In last two decades, the device scaling has encouraged a new paradigm of nanodevice modeling and fabrication. The conventional device structures of metal oxide field effect transistors (MOSFET) have been outplayed for many limitations viz. short channel effects (SCE), drain-induced barrier thinning (DIBT) issues, scattering, etc., due to which the subthreshold swing also got limited to 60 mV/decade [1,2,3,4,5].

With the advent of device engineering and inclusion of multi-gate metal contacts, the limited subthreshold swing (ss) results much better than earlier structures. But continuous device scaling also got restricted, when the power dissipation and heat generation comes into the picture.

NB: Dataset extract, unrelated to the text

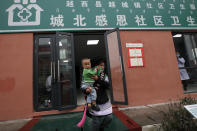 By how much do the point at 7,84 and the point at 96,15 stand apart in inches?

A new device physics, i.e., quantum tunneling came into this research domain, which outplayed the SCE, DIBT and many other limitations at ease. The tunneling field effect transistors (TFET) with double gate becomes more encouraging solution to limited swing, and also it boosts its drive current (I_ON) [6,7,8]. There were several multi-gate TFET structures that faced detrimental effects, viz. short channel effects, drain-induced barrier thinning (DIBT) and quantum mechanical effects (QME) [9,10,11,12,13,14]. After a detailed study of recent literature survey on DC performance of modified TFET structures, graphene nanoribbon-lapped double gate triple metal transistor (DG-TM-PiN-TGNFET) has been established by R. Dutta et al. [15] and validated by analytical modeling. The graphene material is used as a ribbon to reduce the energy gap, by virtue of which a better tunneling window was obtained in the energy band diagram (EBD). Chien et al. investigated the dependency of short channel effects on semiconductor band gap in tunnel FETs in 2018 [16], where low band gap materials were used to improve the ON state current.

In addition to short channel effects, quantum mechanical effect (QME) also plays major role in short-channel tunnel FETs.

Especially when the channel length is scaled below 25 nm, the electrostatic control starts degrading rapidly. As the motion of carriers is largely influenced by its quantum confinement, therefore the carrier transport is altogether different in such TFET structures compared to the classical carrier transport mechanism.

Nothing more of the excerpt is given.